By default, Kubernetes schedules GPU pods only on the smallest class of GPU (nVidia Titan). The way how this is achieved is that nodes with higher grade GPUs are assigned a "node taint", which makes the node only available to pods which specify that they are "tolerant" against the taint.

So if your tasks for example requires a GPU with *exactly* 32 GB, you have to

# make the pod tolerate the taint "gpumem=32:NoSchedule" (see table below).
# make the pod require the node label "gpumem" to be exactly 32.

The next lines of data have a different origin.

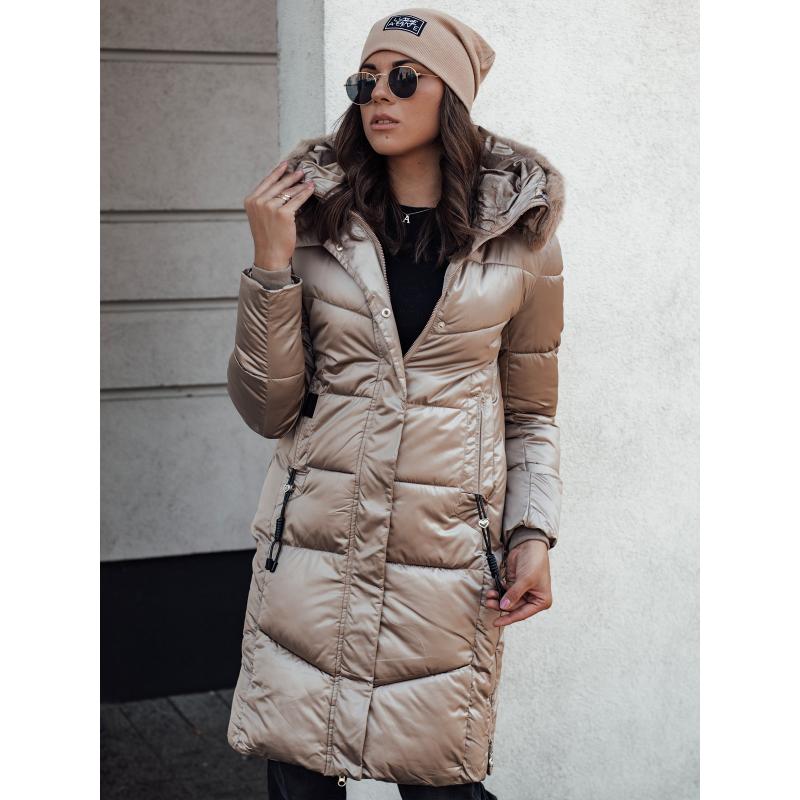 Dámská zimní bunda ULTRAWAY prošívaná s kapucí velbloudí barva
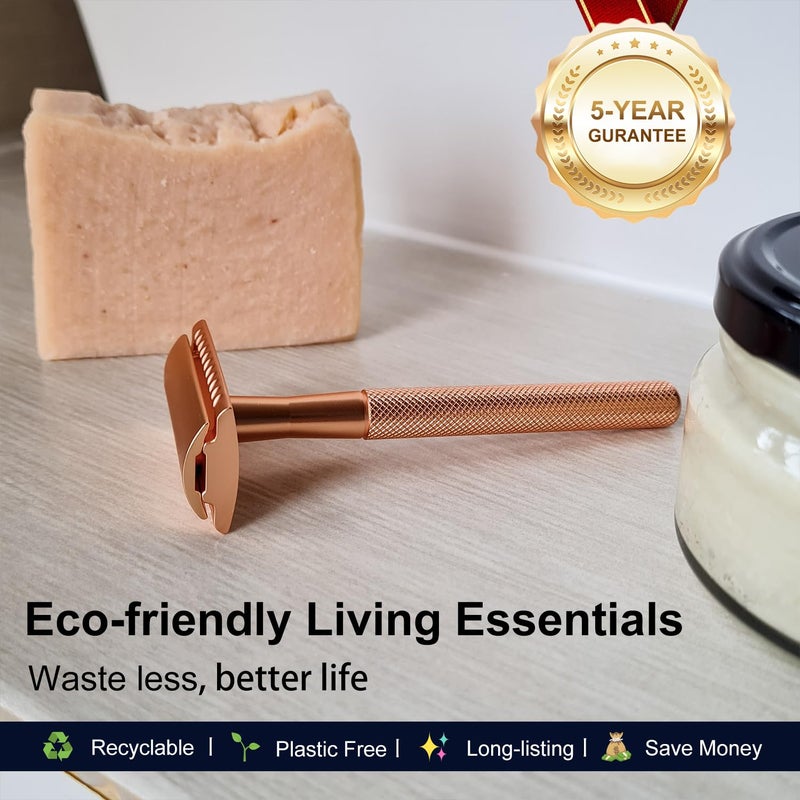 THURLADY Safety Razor for Women, Reusable Metal Razor, with 10 Double Edge Blades, Smooth Close Gentle Shave, Plastic Free, Rose Gold - Image 5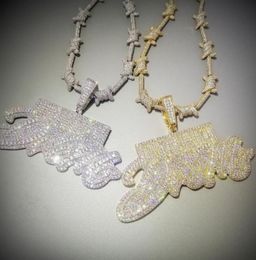 Bling Iced Out Letters DREAM RICH Pendant Necklace 2 Colours Luxury AAA Zircon Rapper Hip Hop Jewellery 2010144019647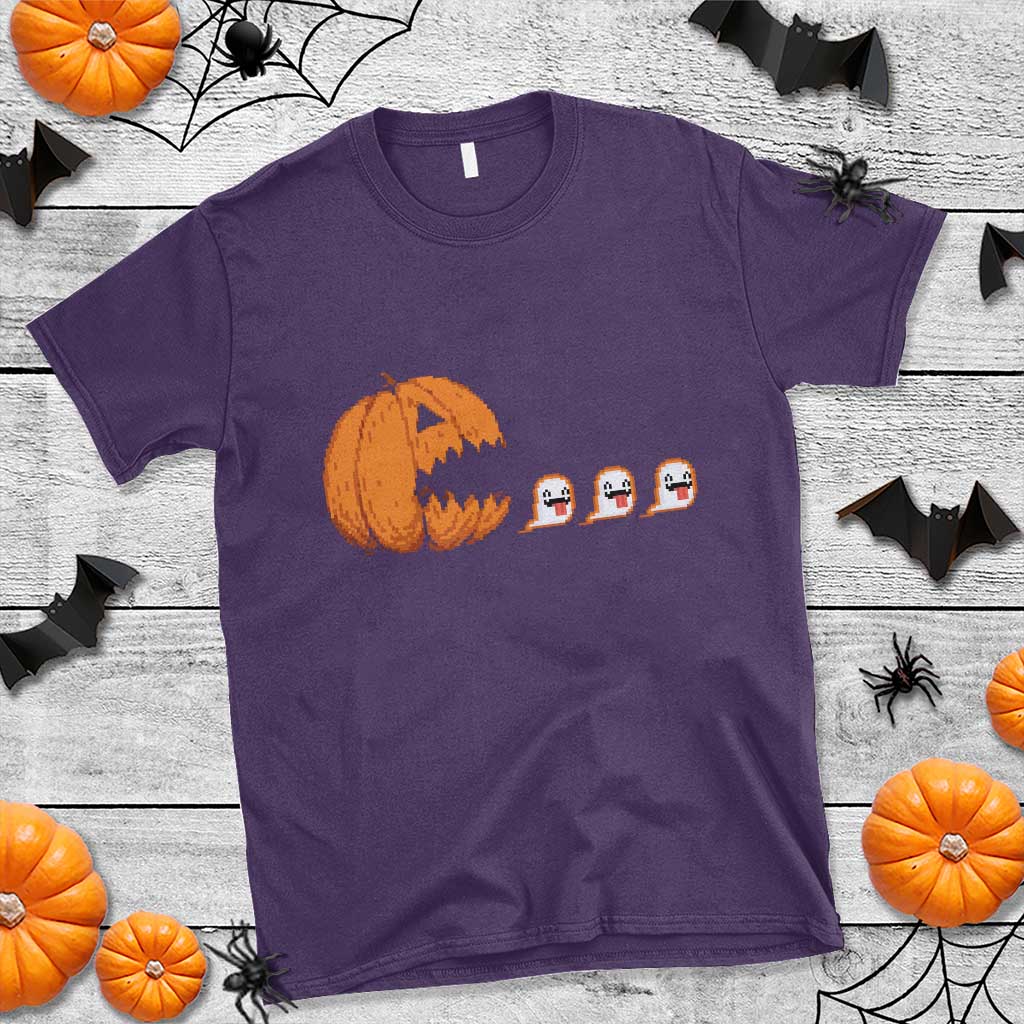 Funny Halloween Gamer Video Gaming Pumpkin Ghost T Shirt - Wonder Print Shop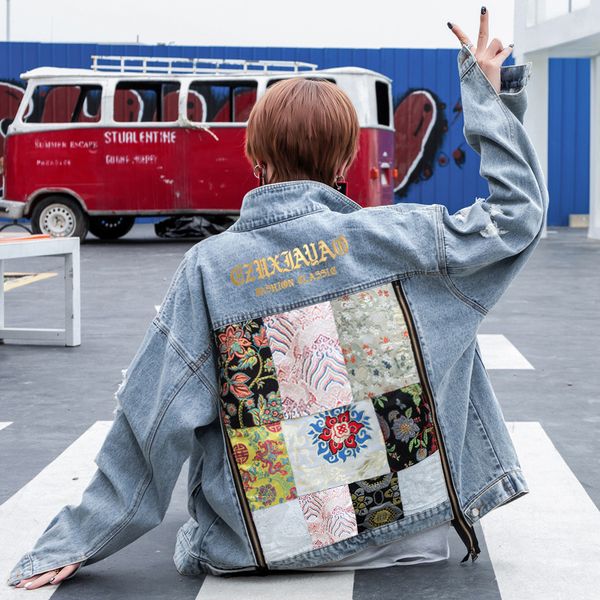 

jackets autumn embroidery double zipper stitching loose patch coat men and women jacket denim jacket, Black;brown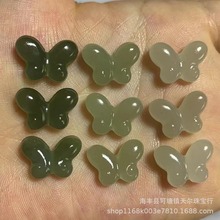 和田玉青海料 大号蝴蝶直通孔DIY配件小提溜挂件手链佛珠玉石批发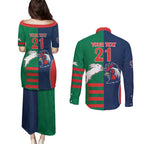 Custom Roosters-Rabbitohs Couples Matching Puletasi and Long Sleeve Button Shirt NRL Tribal Half Style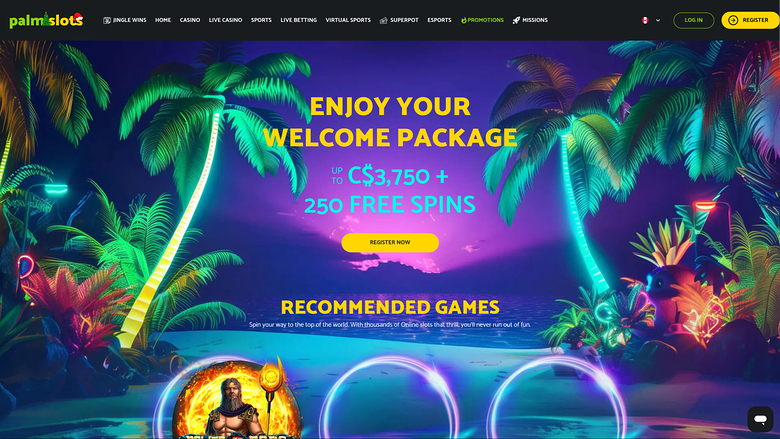 A casino landing page with a neon tropical theme showing a welcome package offer and a recommended games section.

See the [https://kubernetes.io/docs/concepts/scheduling-eviction/taint-and-toleration/ Kubernetes API documentation on taints and tolerations] for more details. 


Example:
<syntaxhighlight>
apiVersion: v1
kind: Pod
metadata:
  name: gpu-pod
spec:
  nodeSelector:
    gpumem: "32"
  tolerations:
  - key: "gpumem"
    # Note: to be able to run on a GPU with any amount of memory, 
    # replace the operator/value pair by just 'operator: "Exists"'.
    operator: "Equal"
    value: "32"
    effect: "NoSchedule"
  containers:
  - name: gpu-container
    image: nvcr.io/nvidia/tensorflow:20.09-tf2-py3
    command: ["sleep", "1d"]
    resources:
      requests:
        cpu: 1
        nvidia.com/gpu: 1
        memory: 10Gi
      limits:
        cpu: 1
        nvidia.com/gpu: 1
        memory: 10Gi
   # more specs (volumes etc.)
</syntaxhighlight>


If you need a GPU with *at least* 32 GB, but also would be happy with more, you just can tolerate any amount. Then,
make the pod require the node label "gpumem" to be larger than 31.

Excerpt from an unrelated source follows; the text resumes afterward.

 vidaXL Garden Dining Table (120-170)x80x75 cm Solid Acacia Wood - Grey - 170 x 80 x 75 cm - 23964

Note: typically, you should *not* do this and reserve a GPU which has just enough memory. However, if e.g. all 32 GB GPUs are busy already, you can move up to a 40 GB GPU.

Example:
<syntaxhighlight>
apiVersion: v1
kind: Pod
metadata:
  name: gpu-pod
spec:
  # the standard node selector is insufficient here.
  # needs to use the more expressive "nodeAffinity".
  affinity:
    nodeAffinity:
      requiredDuringSchedulingIgnoredDuringExecution:
        nodeSelectorTerms:
        - matchExpressions:
          - key: gpumem
            operator: Gt
            value: 31
        # note: this also works to specify a minimum compute capability
        - matchExpressions:
          - key: nvidia-compute-capability-sm
            operator: Gt
            value: 79
  tolerations:
  - key: "gpumem"
    operator: "Exists"
    effect: "NoSchedule"
  # ... rest of the specs like before
</syntaxhighlight>